His Commentatio in constitutionem criminalem Carolinam medica of 1739 uses various examples to illustrate the many uses of medicine in legal proceedings.
The illustration shown here is the title copperplate of Alberti’s work. It was engraved by the artist Gottfried August Gründler (1710–1775), who was also responsible for the design and furnishing of the Kunst- und Naturalienkammer of the Halle Orphanage. It is an allegory of the interaction of the disciplines of jurisprudence and medicine.
Medicines based on alchemical formulas constituted an essential part of the medicine cabinet in the 18th century. There were two pharmaceutical facilities at the Halle orphanage at this time: the orphanage pharmacy and the medicine expedition. In the laboratories of the latter, in-house preparations were produced on a large scale, which were not only sold in the orphanage pharmacy, but also shipped worldwide as far as India and North America. In addition to the alchemical manufacturing instructions for many of these remedies, the orphanage even kept manuscripts that would lead to the »philosopher’s stone.«
A wide variety of furnaces and equipment were needed for the elaborate alchemical laboratory processes.

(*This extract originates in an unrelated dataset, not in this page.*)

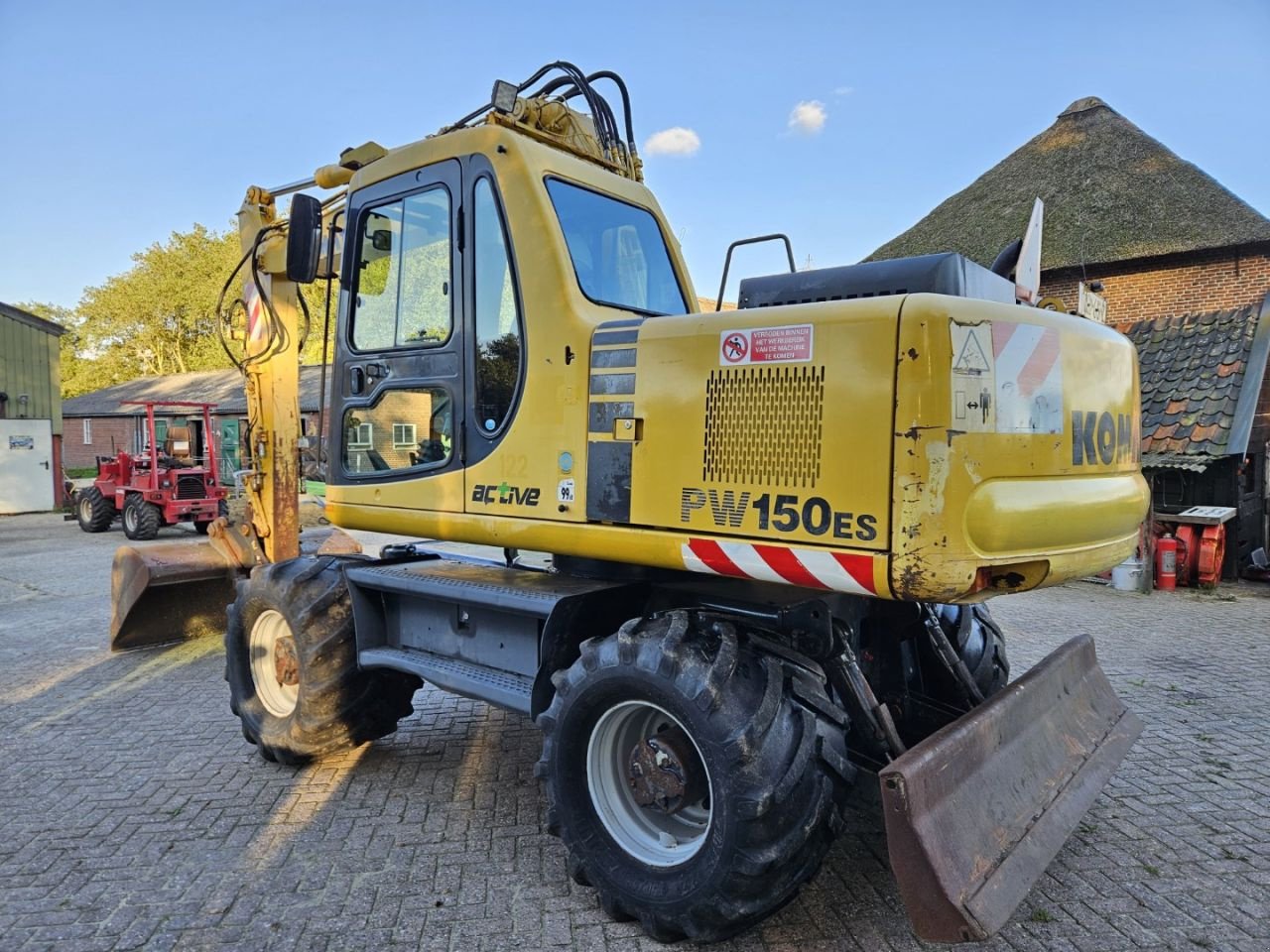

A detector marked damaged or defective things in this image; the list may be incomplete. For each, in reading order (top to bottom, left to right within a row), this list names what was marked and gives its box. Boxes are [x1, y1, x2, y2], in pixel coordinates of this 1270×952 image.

dirty rusted metal surface [110, 547, 241, 654]
dirty rusted metal surface [883, 635, 1143, 949]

By means of distillation, extraction and other processes, preparations were obtained that were supposed to have a ›spiritual‹ effect in the body of the patient – in contrast to the purely material effect assumed today.
Our image of alchemists today is often limited to the figure of the elderly book scholar in the midst of a mystically transfigured, dark laboratory setting. But the history of alchemy has been shaped just as much by younger people and women.

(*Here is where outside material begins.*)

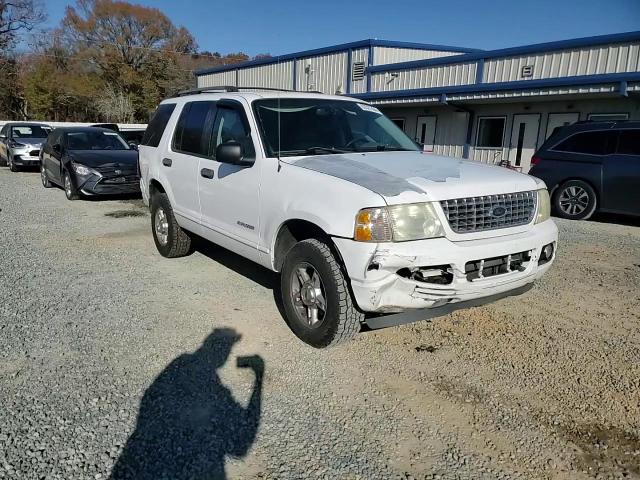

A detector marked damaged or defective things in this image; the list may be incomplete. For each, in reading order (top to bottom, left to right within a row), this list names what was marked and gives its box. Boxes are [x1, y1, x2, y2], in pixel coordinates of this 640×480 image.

front bumper damage [332, 220, 556, 326]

The laboratory model from the model collection of the Cabinet of Artefacts and Curiosities still demonstrates important prerequisites of alchemical work, which were also fundamental for the production of medicines according to chemical processes.
The model shows a laboratory building with a barrel roof, in the center of which there is a large fume hood. Through it could escape the smoke produced by the furnaces inside. Heating played an important role in laboratory processes. Therefore, the miniature furnaces of the model represent different types made of bricks, clay and iron. Among them are distillation ovens with inserts for sand and water baths, as well as a so-called wind oven with a chimney. With different furnaces it was possible to achieve different degrees of heat. The furnaces consisted of a working chamber, a fire chamber and an ash chamber, some of which merged into each other. Fuel was wood or charcoal.

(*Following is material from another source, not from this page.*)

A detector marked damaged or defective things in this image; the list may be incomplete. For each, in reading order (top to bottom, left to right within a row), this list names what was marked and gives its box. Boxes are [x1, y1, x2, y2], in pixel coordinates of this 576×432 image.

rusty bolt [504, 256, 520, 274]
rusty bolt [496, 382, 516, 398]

In the 18th century, the pharmacists at the Halle orphanage developed in-house medicines in laboratories based on alchemical formulas. One example is the famous gold tincture Essentia Dulcis.
The copper engraving shows a young alchemist in her laboratory. The frontispiece from Die Mitleidende und Leichte Chemie (1673) makes it clear that women were also active in the alchemical field in the early modern period.
Its existence has been debated for millennia, numerous artists have tried to depict it, but no one has ever seen it – the soul. Often it is death that provides the occasion for artistic engagement with it. So it is hardly surprising that corresponding examples can be found in the context of memorials to the dead.
Epitaphs are a special type of memorial to the dead, which, in addition to allegorical and pictorial representation of the dead person or persons, have an inscription to the deceased person. They can also function as a memorial independently of the tombstone.
The medallion from 1743 was formerly part of the epitaph at the grave of Johanna Henriette Francke, née Rachals (1697–1743), Gotthilf August Francke’s first wife, on the city graveyard. Designed by an unknown hand, the work draws on established allegorical motifs with its depiction of a skeleton releasing a bird from a cage. The pictorial repertoire still invites us today to reflect on the question of the soul.